What is needed.
Please return the lines of the data below, word for word, from the first line through the line containing "La aftosa es".

Provided records.
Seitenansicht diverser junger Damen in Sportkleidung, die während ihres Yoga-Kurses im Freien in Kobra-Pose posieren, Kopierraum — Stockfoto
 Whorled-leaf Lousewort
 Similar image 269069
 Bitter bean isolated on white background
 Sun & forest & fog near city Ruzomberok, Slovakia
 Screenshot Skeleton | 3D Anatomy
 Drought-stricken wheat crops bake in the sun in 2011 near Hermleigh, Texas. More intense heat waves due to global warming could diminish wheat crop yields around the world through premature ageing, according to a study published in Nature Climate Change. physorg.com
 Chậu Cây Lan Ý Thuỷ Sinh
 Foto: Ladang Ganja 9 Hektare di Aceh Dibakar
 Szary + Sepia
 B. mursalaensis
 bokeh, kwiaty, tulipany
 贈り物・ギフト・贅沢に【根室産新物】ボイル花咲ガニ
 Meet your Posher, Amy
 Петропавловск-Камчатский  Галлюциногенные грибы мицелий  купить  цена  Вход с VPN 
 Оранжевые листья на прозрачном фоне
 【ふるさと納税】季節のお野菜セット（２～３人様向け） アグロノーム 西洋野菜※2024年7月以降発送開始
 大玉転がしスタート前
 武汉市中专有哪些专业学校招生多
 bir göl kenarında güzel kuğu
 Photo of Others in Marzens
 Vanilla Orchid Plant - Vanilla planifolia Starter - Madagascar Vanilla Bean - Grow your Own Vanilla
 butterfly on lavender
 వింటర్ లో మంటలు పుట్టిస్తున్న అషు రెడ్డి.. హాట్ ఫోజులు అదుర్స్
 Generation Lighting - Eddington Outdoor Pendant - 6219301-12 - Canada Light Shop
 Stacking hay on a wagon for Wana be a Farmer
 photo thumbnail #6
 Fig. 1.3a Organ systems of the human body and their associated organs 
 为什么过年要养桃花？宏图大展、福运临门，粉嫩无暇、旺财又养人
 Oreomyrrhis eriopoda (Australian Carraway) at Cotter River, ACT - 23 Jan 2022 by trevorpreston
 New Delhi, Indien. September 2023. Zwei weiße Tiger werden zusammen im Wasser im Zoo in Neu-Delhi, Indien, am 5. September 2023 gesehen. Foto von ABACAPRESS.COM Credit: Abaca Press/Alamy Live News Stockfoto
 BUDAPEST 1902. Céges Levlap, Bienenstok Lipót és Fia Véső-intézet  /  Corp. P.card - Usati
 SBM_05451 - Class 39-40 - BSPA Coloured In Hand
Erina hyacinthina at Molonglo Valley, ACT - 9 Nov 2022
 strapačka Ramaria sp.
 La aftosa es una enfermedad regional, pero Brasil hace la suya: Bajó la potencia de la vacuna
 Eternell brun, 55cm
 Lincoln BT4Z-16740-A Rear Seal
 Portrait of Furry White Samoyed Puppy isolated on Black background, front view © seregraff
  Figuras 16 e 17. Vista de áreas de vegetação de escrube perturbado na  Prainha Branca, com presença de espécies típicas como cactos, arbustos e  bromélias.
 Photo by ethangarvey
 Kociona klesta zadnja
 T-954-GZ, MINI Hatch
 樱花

Solution below.
Seitenansicht diverser junger Damen in Sportkleidung, die während ihres Yoga-Kurses im Freien in Kobra-Pose posieren, Kopierraum — Stockfoto
 Whorled-leaf Lousewort
 Similar image 269069
 Bitter bean isolated on white background
 Sun & forest & fog near city Ruzomberok, Slovakia
 Screenshot Skeleton | 3D Anatomy
 Drought-stricken wheat crops bake in the sun in 2011 near Hermleigh, Texas. More intense heat waves due to global warming could diminish wheat crop yields around the world through premature ageing, according to a study published in Nature Climate Change. physorg.com
 Chậu Cây Lan Ý Thuỷ Sinh
 Foto: Ladang Ganja 9 Hektare di Aceh Dibakar
 Szary + Sepia
 B. mursalaensis
 bokeh, kwiaty, tulipany
 贈り物・ギフト・贅沢に【根室産新物】ボイル花咲ガニ
 Meet your Posher, Amy
 Петропавловск-Камчатский  Галлюциногенные грибы мицелий  купить  цена  Вход с VPN 
 Оранжевые листья на прозрачном фоне
 【ふるさと納税】季節のお野菜セット（２～３人様向け） アグロノーム 西洋野菜※2024年7月以降発送開始
 大玉転がしスタート前
 武汉市中专有哪些专业学校招生多
 bir göl kenarında güzel kuğu
 Photo of Others in Marzens
 Vanilla Orchid Plant - Vanilla planifolia Starter - Madagascar Vanilla Bean - Grow your Own Vanilla
 butterfly on lavender
 వింటర్ లో మంటలు పుట్టిస్తున్న అషు రెడ్డి.. హాట్ ఫోజులు అదుర్స్
 Generation Lighting - Eddington Outdoor Pendant - 6219301-12 - Canada Light Shop
 Stacking hay on a wagon for Wana be a Farmer
 photo thumbnail #6
 Fig. 1.3a Organ systems of the human body and their associated organs 
 为什么过年要养桃花？宏图大展、福运临门，粉嫩无暇、旺财又养人
 Oreomyrrhis eriopoda (Australian Carraway) at Cotter River, ACT - 23 Jan 2022 by trevorpreston
 New Delhi, Indien. September 2023. Zwei weiße Tiger werden zusammen im Wasser im Zoo in Neu-Delhi, Indien, am 5. September 2023 gesehen. Foto von ABACAPRESS.COM Credit: Abaca Press/Alamy Live News Stockfoto
 BUDAPEST 1902. Céges Levlap, Bienenstok Lipót és Fia Véső-intézet  /  Corp. P.card - Usati
 SBM_05451 - Class 39-40 - BSPA Coloured In Hand
Erina hyacinthina at Molonglo Valley, ACT - 9 Nov 2022
 strapačka Ramaria sp.
 La aftosa es una enfermedad regional, pero Brasil hace la suya: Bajó la potencia de la vacuna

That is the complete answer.